И все эти беспорядочные эмоции слились в одну-единственную. Страх. Боязнь людей. Боязнь некоторых ситуаций и боязнь принимать на себя обязательства. Боязнь экономической незащищенности, боязнь неизвестного, боязнь событий, которые еще не произошли, а возможно, никогда и не произойдут. В общем, страх всего на свете.
А страх излечивается лишь одним. Верой.
Постройка мостика через пропасть началась с другого непростого задания: я должен был поделиться с кем-нибудь – вслух! – всей этой внушительного объема описью моих моральных (лучше сказать, аморальных) качеств. Это единственный способ, чтобы признать истинную природу своих проступков. В той или иной степени мы все делаем это. Но обнажить самые сокровенные уголки души перед посторонним?!
– Какое, ради всего святого, отношение имеет это абсурдное задание к избавлению от алкоголя? – спросил я Стэна.
– Если не выносить из дома мусор, там будет вонять, как в аду. И гниль имеет обыкновение разрастаться.
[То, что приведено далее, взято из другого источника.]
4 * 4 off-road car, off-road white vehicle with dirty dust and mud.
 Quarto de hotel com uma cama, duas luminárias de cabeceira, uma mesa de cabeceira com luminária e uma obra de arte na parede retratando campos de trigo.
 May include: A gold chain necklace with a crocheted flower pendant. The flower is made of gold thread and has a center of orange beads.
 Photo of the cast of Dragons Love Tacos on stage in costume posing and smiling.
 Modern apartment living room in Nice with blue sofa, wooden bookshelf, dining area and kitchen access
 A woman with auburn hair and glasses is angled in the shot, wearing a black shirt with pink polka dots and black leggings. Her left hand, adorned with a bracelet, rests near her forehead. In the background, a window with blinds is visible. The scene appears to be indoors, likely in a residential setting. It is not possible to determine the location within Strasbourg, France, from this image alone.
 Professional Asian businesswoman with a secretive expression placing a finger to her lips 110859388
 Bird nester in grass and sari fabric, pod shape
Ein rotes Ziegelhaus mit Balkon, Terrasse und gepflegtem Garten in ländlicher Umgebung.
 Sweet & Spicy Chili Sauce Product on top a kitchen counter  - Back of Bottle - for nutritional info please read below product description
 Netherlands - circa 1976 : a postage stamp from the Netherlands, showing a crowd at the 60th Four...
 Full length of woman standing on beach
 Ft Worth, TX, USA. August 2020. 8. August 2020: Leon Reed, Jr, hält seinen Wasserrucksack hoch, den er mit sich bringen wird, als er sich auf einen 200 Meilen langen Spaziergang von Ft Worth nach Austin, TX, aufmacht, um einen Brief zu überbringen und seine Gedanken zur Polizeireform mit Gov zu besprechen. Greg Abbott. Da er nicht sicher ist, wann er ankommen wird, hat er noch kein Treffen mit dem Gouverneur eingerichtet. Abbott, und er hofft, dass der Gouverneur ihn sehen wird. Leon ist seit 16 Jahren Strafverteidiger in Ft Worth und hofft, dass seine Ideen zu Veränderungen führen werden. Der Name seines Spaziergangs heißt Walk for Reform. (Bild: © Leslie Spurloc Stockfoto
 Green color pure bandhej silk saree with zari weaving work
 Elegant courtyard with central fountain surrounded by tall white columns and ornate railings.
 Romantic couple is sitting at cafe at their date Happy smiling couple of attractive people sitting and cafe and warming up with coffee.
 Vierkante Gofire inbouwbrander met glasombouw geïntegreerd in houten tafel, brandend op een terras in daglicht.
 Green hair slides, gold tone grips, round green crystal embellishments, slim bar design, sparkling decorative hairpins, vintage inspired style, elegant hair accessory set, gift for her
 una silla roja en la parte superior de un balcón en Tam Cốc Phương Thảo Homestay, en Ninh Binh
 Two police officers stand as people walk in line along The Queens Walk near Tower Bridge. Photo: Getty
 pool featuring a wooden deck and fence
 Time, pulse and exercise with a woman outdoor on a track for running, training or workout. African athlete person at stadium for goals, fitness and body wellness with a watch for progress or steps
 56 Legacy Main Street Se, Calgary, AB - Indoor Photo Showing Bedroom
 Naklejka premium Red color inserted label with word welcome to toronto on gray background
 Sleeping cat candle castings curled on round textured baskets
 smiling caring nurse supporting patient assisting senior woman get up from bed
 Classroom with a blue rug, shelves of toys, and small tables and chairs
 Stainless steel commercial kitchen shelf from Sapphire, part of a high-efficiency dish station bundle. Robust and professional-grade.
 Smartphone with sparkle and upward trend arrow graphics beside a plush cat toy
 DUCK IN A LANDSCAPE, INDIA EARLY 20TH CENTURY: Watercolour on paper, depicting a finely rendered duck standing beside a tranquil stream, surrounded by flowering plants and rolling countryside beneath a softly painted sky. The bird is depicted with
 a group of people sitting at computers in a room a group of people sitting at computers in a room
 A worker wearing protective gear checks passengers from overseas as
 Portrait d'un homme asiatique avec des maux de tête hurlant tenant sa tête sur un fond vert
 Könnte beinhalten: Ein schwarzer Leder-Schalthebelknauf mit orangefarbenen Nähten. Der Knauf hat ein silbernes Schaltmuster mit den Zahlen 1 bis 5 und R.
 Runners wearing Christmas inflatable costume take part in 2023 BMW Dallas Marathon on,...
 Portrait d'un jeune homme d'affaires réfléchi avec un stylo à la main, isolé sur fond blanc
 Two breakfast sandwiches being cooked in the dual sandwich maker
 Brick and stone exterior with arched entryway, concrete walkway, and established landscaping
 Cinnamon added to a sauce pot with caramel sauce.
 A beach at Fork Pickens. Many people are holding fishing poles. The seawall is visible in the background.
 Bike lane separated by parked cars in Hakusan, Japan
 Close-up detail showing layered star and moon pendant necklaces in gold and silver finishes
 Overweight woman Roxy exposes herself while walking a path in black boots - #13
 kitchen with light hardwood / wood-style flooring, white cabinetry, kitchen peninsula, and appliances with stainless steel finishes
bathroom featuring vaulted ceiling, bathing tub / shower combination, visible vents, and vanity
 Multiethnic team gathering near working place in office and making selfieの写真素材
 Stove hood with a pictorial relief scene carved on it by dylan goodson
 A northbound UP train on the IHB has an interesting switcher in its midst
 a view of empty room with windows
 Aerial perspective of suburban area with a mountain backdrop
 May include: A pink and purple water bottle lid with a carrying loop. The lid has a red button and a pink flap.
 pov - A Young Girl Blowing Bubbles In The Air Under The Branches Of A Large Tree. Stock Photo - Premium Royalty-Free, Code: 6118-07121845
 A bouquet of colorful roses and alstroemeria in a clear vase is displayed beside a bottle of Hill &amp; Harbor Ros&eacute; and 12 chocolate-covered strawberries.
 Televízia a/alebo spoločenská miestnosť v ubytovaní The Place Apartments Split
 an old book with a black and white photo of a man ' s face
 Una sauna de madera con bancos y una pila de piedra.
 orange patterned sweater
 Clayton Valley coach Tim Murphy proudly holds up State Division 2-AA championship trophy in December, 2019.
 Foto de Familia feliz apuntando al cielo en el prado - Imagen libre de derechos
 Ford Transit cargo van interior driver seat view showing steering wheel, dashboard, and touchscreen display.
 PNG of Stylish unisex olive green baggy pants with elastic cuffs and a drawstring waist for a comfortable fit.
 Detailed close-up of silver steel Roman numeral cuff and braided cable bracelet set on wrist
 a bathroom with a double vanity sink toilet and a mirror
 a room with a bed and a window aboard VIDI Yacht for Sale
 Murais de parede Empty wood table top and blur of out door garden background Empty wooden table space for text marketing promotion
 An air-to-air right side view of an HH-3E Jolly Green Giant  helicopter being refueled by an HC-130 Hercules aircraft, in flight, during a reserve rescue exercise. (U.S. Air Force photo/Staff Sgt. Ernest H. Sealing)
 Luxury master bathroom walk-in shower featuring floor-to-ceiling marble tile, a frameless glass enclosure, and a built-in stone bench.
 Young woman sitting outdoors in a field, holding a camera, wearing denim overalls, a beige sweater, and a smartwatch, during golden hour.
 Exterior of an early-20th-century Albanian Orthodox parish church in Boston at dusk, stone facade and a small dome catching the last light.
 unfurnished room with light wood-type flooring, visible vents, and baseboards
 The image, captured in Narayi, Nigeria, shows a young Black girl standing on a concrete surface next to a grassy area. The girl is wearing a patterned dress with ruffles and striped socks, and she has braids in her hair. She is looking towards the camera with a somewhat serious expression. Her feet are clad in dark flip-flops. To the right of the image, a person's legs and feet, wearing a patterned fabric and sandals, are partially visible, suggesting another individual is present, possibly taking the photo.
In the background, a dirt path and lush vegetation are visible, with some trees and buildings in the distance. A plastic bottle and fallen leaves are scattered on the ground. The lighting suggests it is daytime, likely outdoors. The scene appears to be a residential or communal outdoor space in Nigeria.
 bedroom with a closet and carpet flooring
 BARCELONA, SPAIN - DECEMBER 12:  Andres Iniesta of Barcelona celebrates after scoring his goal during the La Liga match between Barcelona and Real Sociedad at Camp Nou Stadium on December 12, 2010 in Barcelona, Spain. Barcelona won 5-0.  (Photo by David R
Следующие пять часов я исповедовался благожелательному священнику соседней общины (вряд ли я выбрал такой способ сам) о своих обидах, которые затаил чуть ли не на каждого, с кем встречался в жизни, – от собственной матери до почтальона. Но даже когда я припоминал самые шокирующие эпизоды из своей биографии, священник слушал не моргнув глазом. И когда список иссяк, а я чувствовал себя вывернутым наизнанку, он оставил меня, задав напоследок один-единственный вопрос:
– Вы готовы отпустить все это?
– Да.
– Хорошо. Я хочу, чтобы оставшуюся часть дня вы ни с кем не разговаривали. Найдите тихое место. Вспомните, какую мы сегодня проделали работу. А когда будете готовы, попросите Бога помочь вам исправить недостатки характера.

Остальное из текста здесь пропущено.